Short web captions
┌──
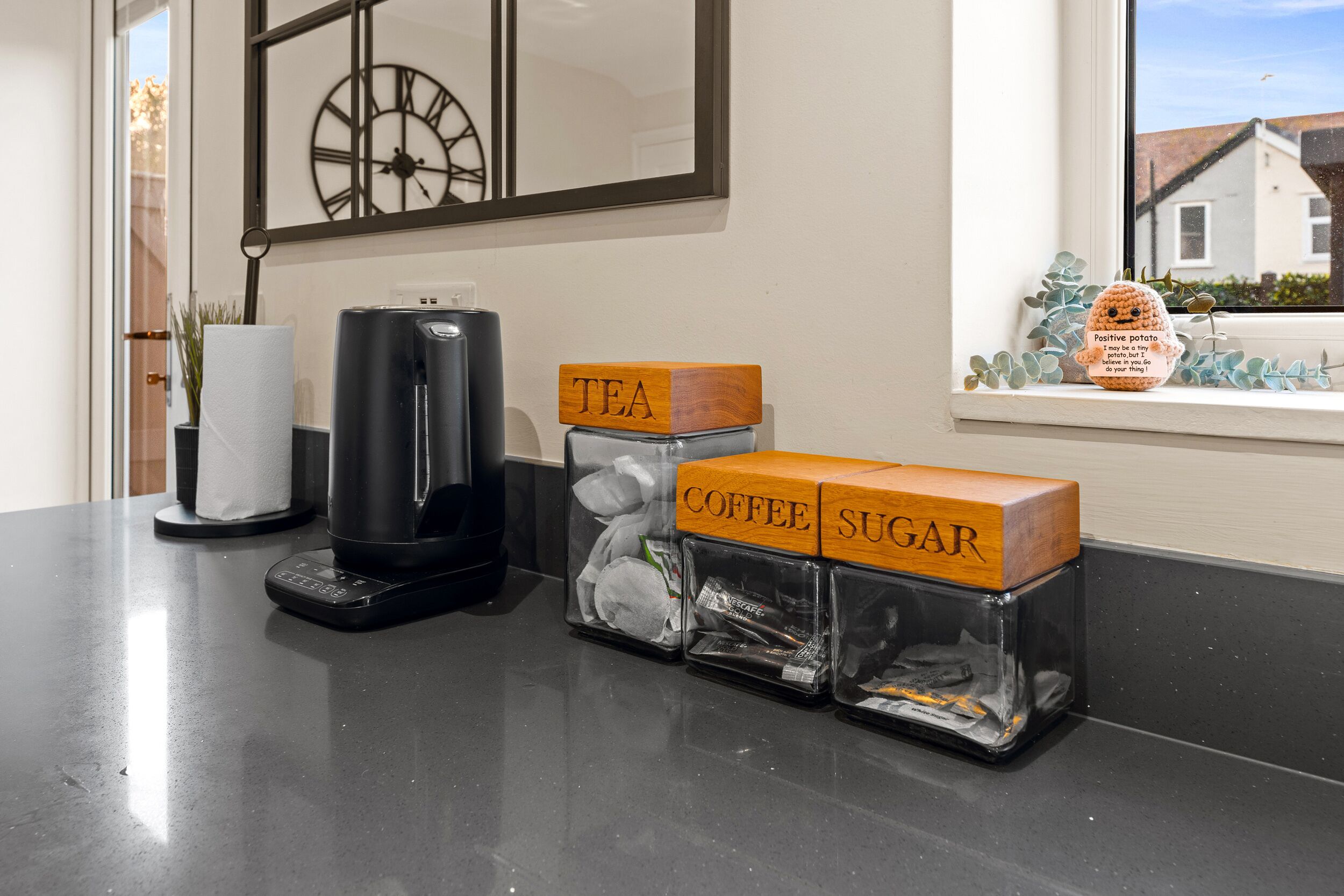 A kitchen counter with a coffee maker, a tea box, and a sugar box.
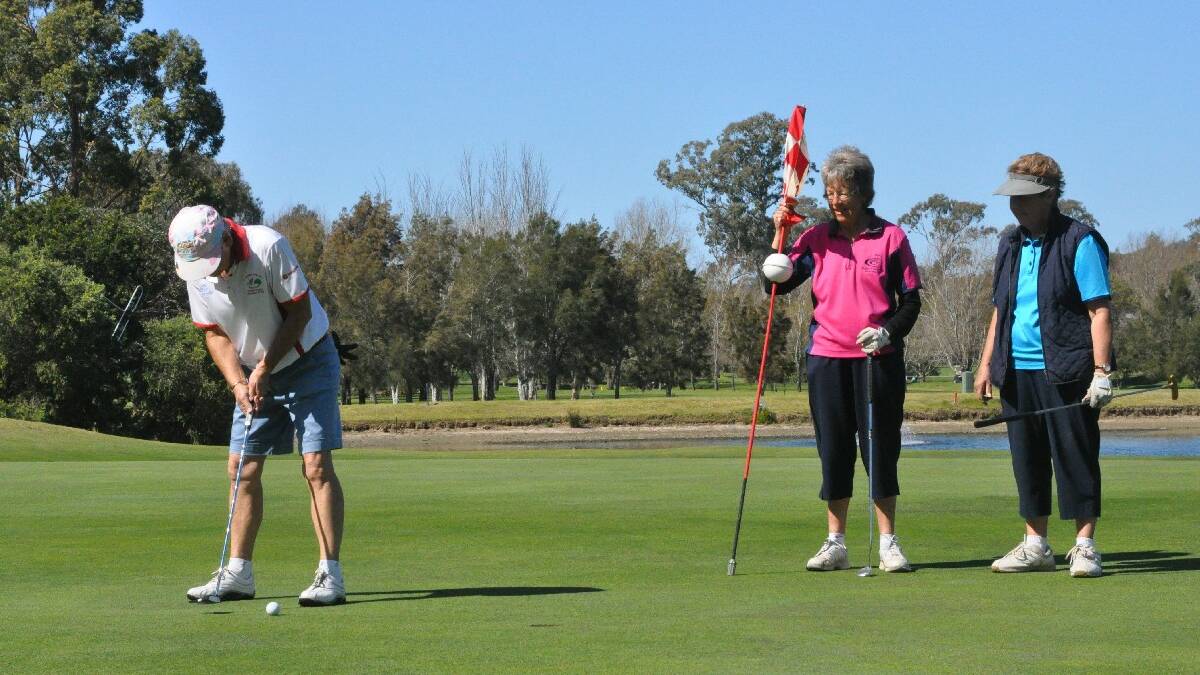  MORUYA: Jennifer Hartman putts while Helen Wise and Shirley Noy look on at the Moruya Ladies Golf Open on Sunday.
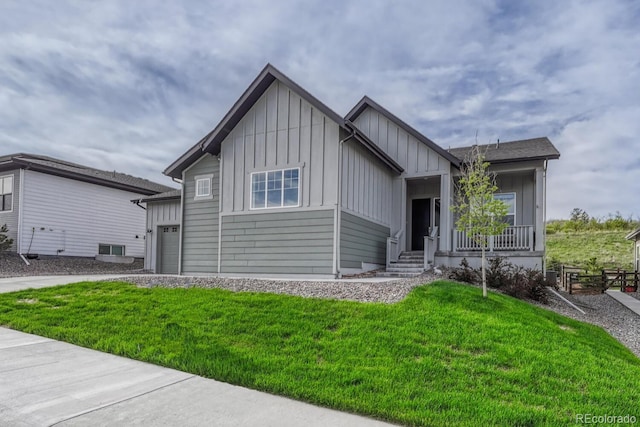 788 Alumroot St, Castle Rock, CO 80104 - single story home with board and batten siding, a front yard, a garage, and driveway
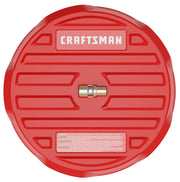 A red circular plastic product labeled 'Craftsman', featuring a brass fitting in the center and warning text at the bottom. The item appears to be a photography accessory or tool, possibly a protective cover or lid.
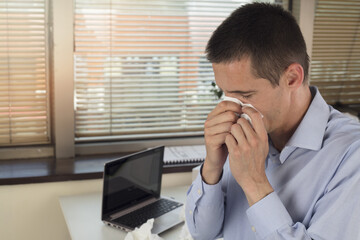 Business man with sneezing in a tissue in an office / workplace. Pollen , ambrosia allergy.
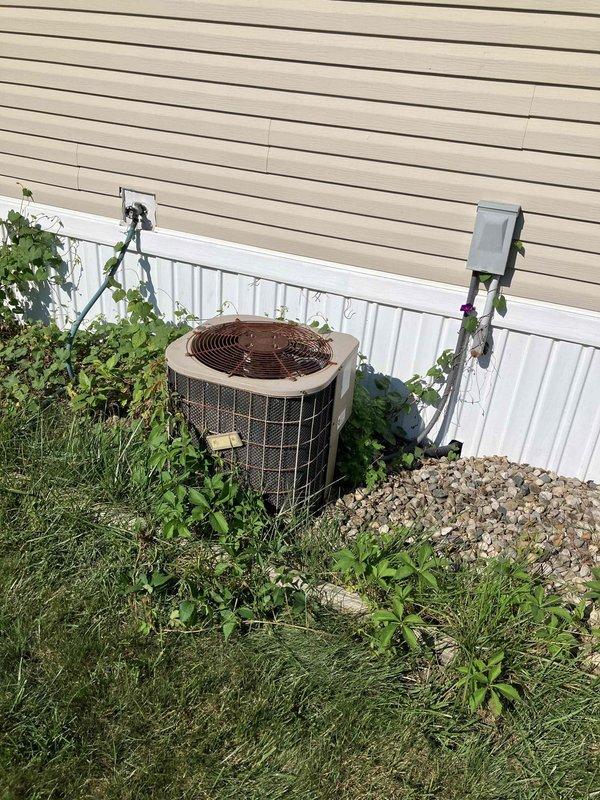 Conducted on-site evaluation of existing HVAC system in manufactured home for complete furnace and air conditioner replacement estimate. Inspected 25-year-old original equipment including outdoor condenser unit and indoor furnace components. Documented current system conditions through photographs showing exterior cylindrical condenser with weathered top grille, wire mesh protection, and adjacent electrical disconnect box, as well as interior access panel for furnace evaluation. Assessed equipment age, system compatibility requirements, and installation considerations specific to manufactured home construction. No active system failures reported at time of visit. Provided comprehensive replacement options and equipment recommendations based on home specifications and current system configuration.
└──
*Exercise prompt*.
Every line from the one with "MORUYA: Jennifer Hartman" through the one with "Business man with" is to be reproduced exactly as written above, and the pictures are to be dropped.

*Solved exercise*.
  MORUYA: Jennifer Hartman putts while Helen Wise and Shirley Noy look on at the Moruya Ladies Golf Open on Sunday.
 788 Alumroot St, Castle Rock, CO 80104 - single story home with board and batten siding, a front yard, a garage, and driveway
 A red circular plastic product labeled 'Craftsman', featuring a brass fitting in the center and warning text at the bottom. The item appears to be a photography accessory or tool, possibly a protective cover or lid.
 Business man with sneezing in a tissue in an office / workplace. Pollen , ambrosia allergy.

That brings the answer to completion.